Input data below:

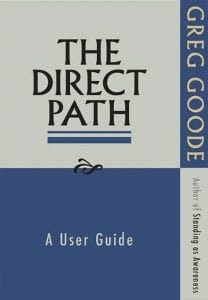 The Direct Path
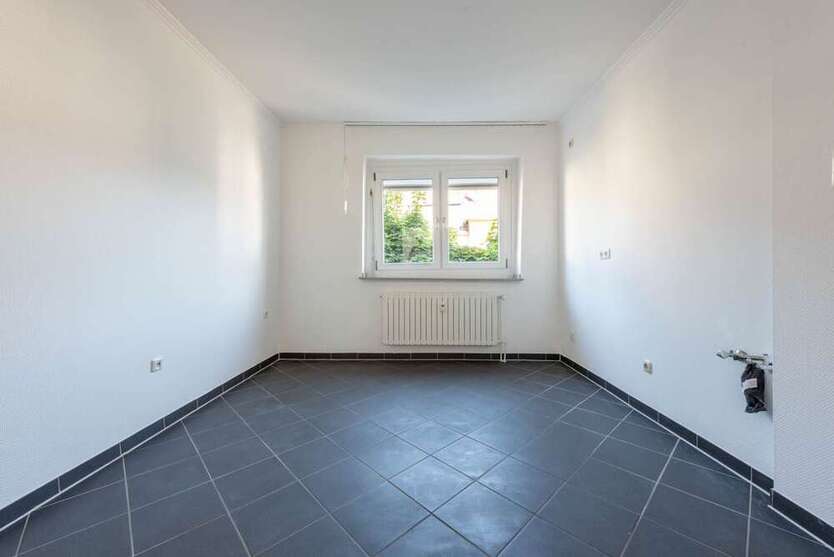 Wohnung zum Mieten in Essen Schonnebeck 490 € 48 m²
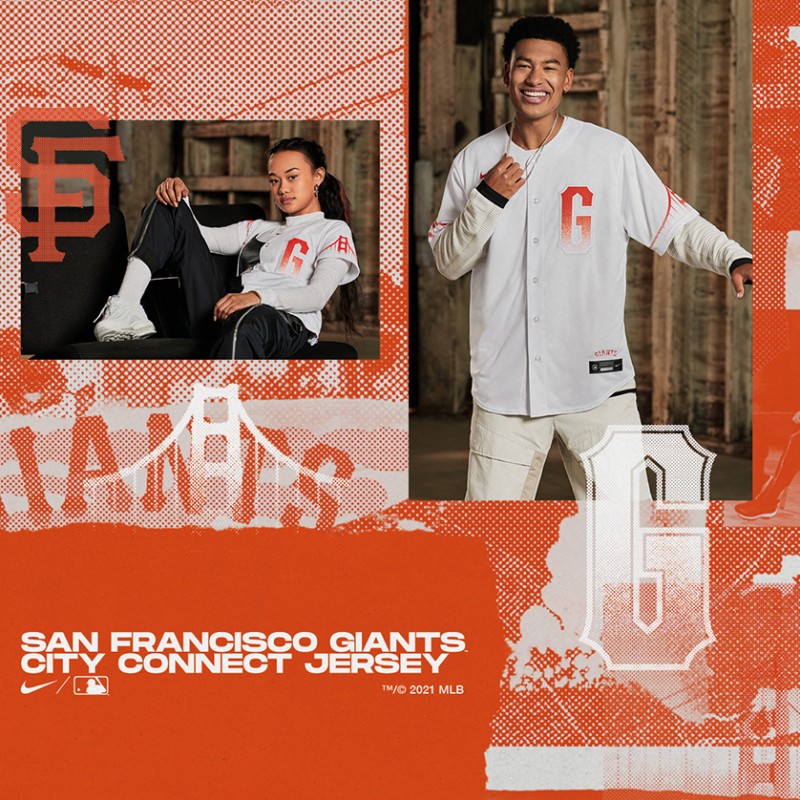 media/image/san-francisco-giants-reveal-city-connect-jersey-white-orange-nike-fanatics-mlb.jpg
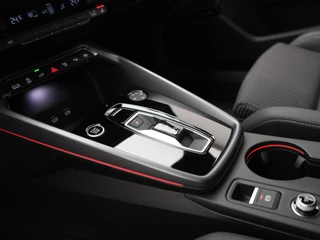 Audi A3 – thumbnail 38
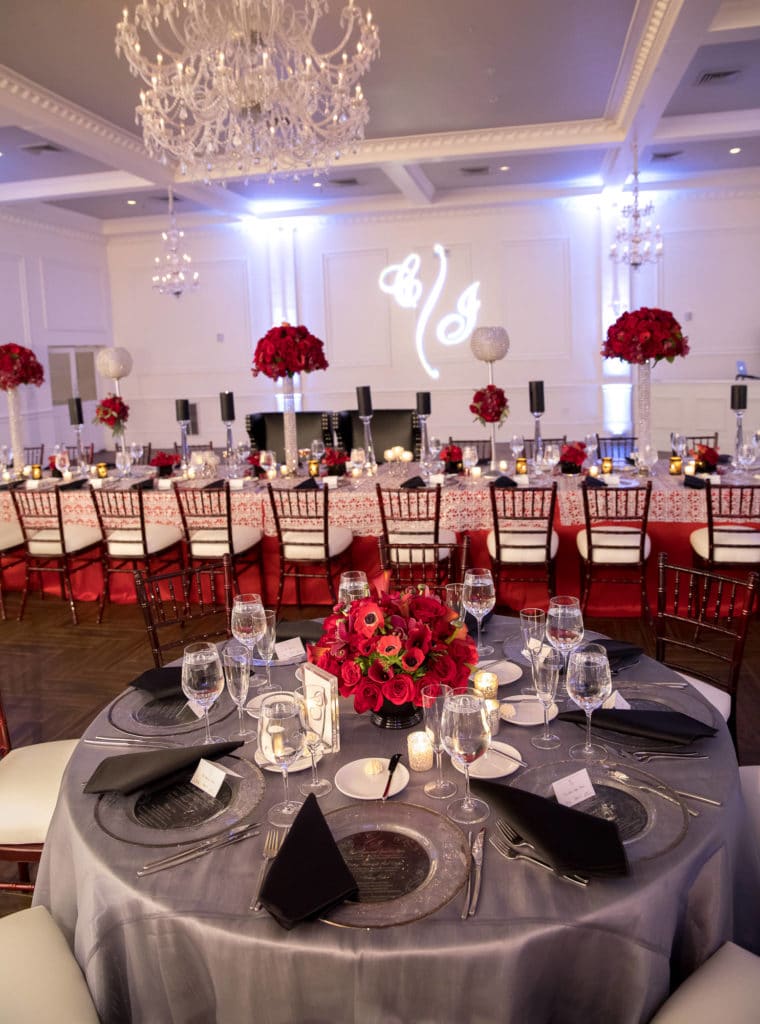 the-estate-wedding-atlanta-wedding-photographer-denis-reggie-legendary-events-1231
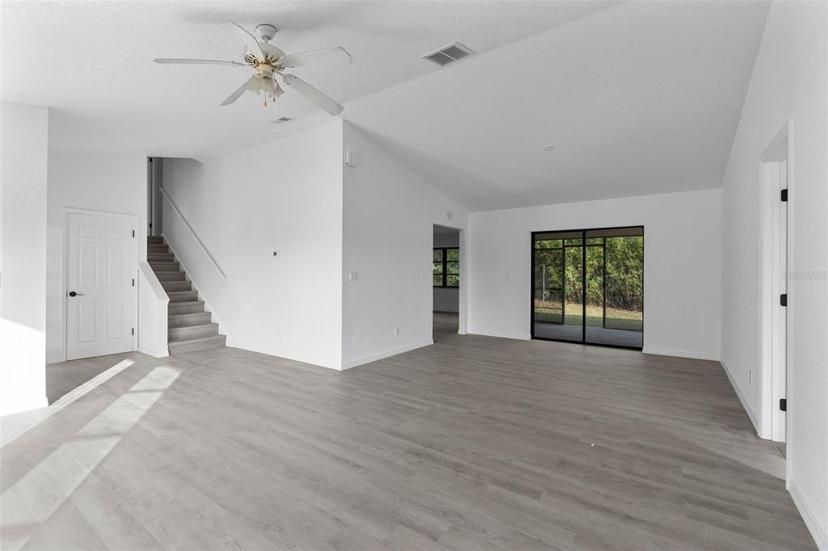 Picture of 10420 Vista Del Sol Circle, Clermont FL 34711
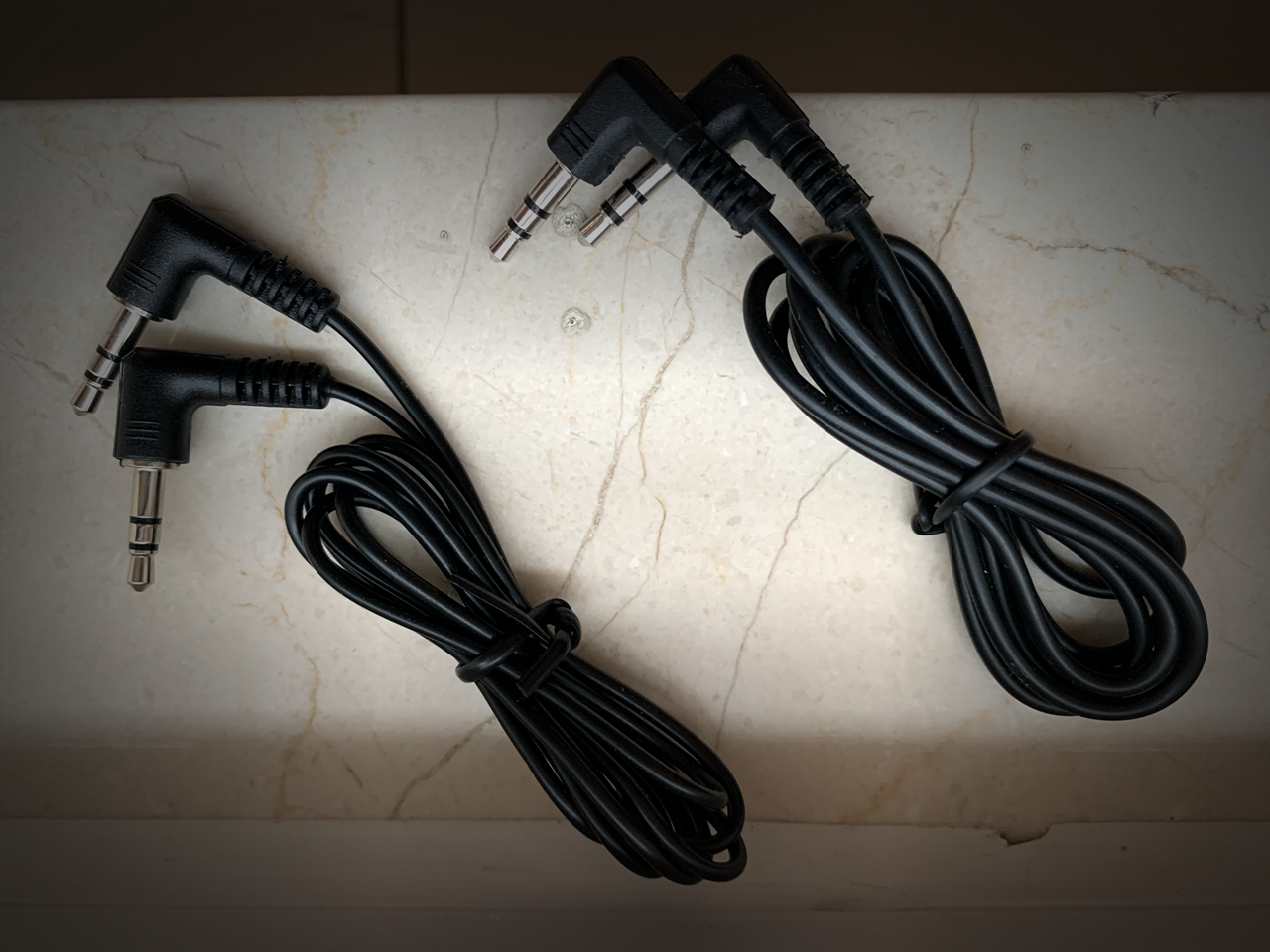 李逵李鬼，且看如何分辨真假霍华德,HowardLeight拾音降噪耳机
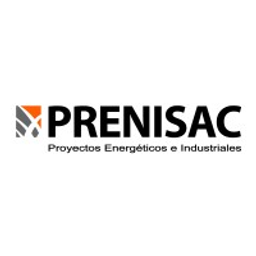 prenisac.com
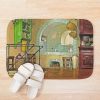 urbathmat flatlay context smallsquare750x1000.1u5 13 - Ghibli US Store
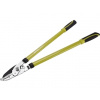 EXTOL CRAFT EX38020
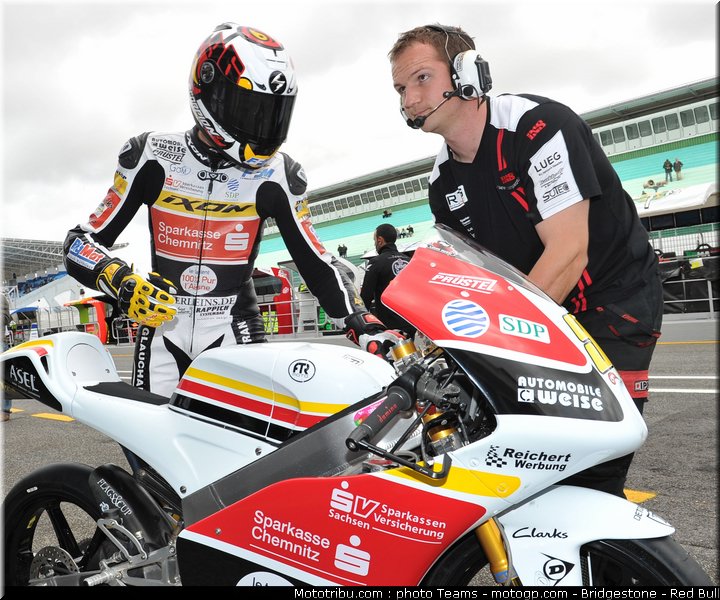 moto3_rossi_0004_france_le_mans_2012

End of Input data.
Input data below:

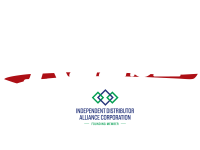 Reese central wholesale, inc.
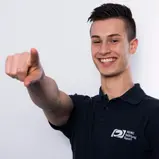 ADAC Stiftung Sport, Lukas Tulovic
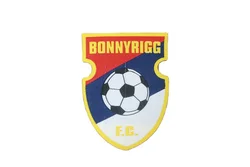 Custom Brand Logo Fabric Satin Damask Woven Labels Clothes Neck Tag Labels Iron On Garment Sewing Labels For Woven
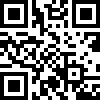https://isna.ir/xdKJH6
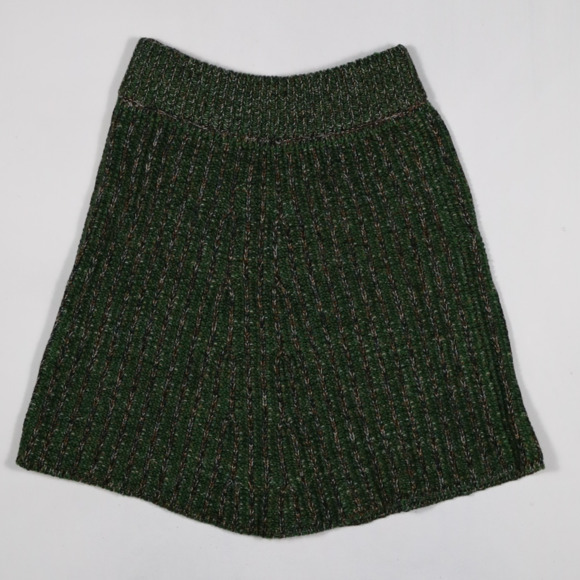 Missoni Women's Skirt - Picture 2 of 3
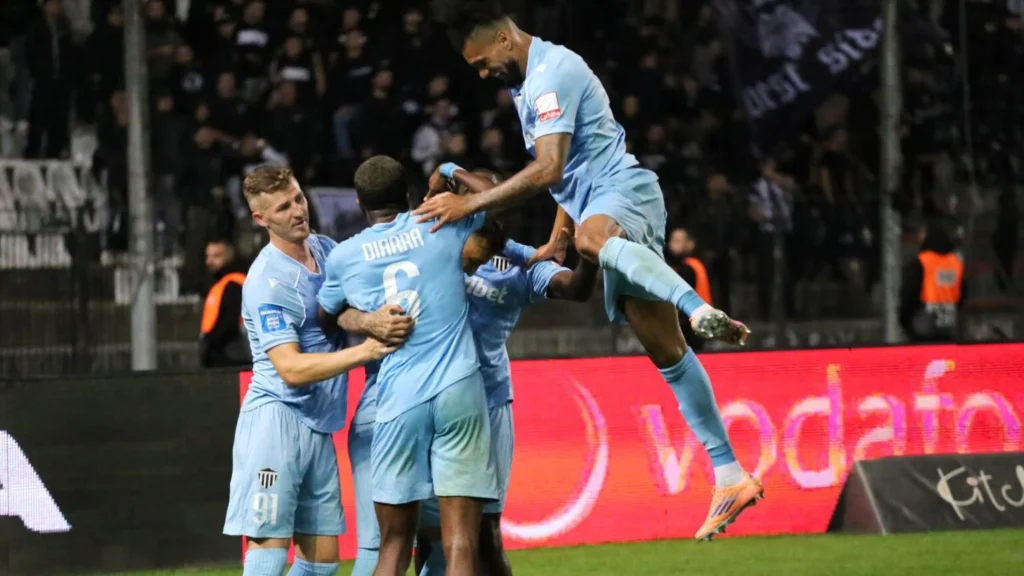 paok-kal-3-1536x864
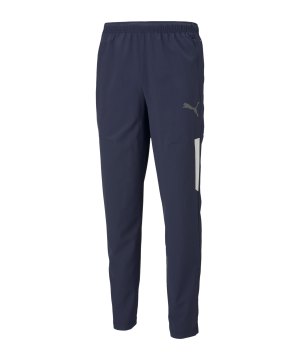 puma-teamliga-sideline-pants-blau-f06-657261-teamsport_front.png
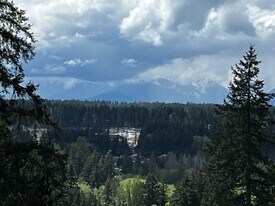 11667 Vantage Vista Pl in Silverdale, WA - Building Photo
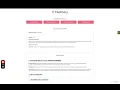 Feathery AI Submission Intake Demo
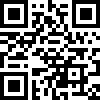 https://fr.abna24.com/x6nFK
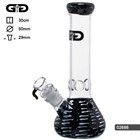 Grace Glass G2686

End of Input data.

Give back exactly the lines above from the one with "prenisac.com" through the one with "moto3_rossi_0004_france_le_mans_2012", both included. Pictures don't belong in the copy.

Response area —
 prenisac.com
 urbathmat flatlay context smallsquare750x1000.1u5 13 - Ghibli US Store
 EXTOL CRAFT EX38020
 moto3_rossi_0004_france_le_mans_2012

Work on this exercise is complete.